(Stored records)
○ ○ ○ ○

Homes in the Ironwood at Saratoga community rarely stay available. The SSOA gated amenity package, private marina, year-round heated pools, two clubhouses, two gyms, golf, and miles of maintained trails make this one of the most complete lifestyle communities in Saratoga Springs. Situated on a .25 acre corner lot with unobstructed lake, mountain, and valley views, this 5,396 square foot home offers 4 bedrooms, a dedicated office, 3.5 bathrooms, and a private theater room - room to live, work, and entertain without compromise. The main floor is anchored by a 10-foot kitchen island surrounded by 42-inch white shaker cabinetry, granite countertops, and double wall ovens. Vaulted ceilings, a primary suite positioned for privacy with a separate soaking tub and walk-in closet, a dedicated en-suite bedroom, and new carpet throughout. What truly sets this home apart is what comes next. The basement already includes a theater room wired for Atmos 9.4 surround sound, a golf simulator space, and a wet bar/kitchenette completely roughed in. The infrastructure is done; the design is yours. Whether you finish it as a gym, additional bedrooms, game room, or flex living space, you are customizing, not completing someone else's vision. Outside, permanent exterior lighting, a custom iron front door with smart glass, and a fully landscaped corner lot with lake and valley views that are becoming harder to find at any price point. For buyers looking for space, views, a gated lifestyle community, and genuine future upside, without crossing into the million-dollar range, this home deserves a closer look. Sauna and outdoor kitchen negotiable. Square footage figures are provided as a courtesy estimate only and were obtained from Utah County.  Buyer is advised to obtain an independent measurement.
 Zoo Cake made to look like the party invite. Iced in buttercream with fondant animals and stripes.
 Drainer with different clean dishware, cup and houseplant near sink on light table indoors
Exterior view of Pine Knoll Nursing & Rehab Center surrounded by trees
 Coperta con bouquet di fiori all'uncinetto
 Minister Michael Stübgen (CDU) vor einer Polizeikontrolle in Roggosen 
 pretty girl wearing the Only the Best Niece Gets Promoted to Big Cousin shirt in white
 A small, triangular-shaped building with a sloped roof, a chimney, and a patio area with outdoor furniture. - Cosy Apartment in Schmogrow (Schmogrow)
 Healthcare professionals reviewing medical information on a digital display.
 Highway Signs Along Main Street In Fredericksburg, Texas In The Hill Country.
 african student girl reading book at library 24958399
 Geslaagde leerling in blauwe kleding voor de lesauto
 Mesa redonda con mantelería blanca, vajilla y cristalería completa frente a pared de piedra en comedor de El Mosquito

○ ○ ○ ○

▸ **AIM OF THE EXERCISE**: Copy each line of the data above that holds "girl".

▸ **YOUR RESPONSE**:
 pretty girl wearing the Only the Best Niece Gets Promoted to Big Cousin shirt in white
 african student girl reading book at library 24958399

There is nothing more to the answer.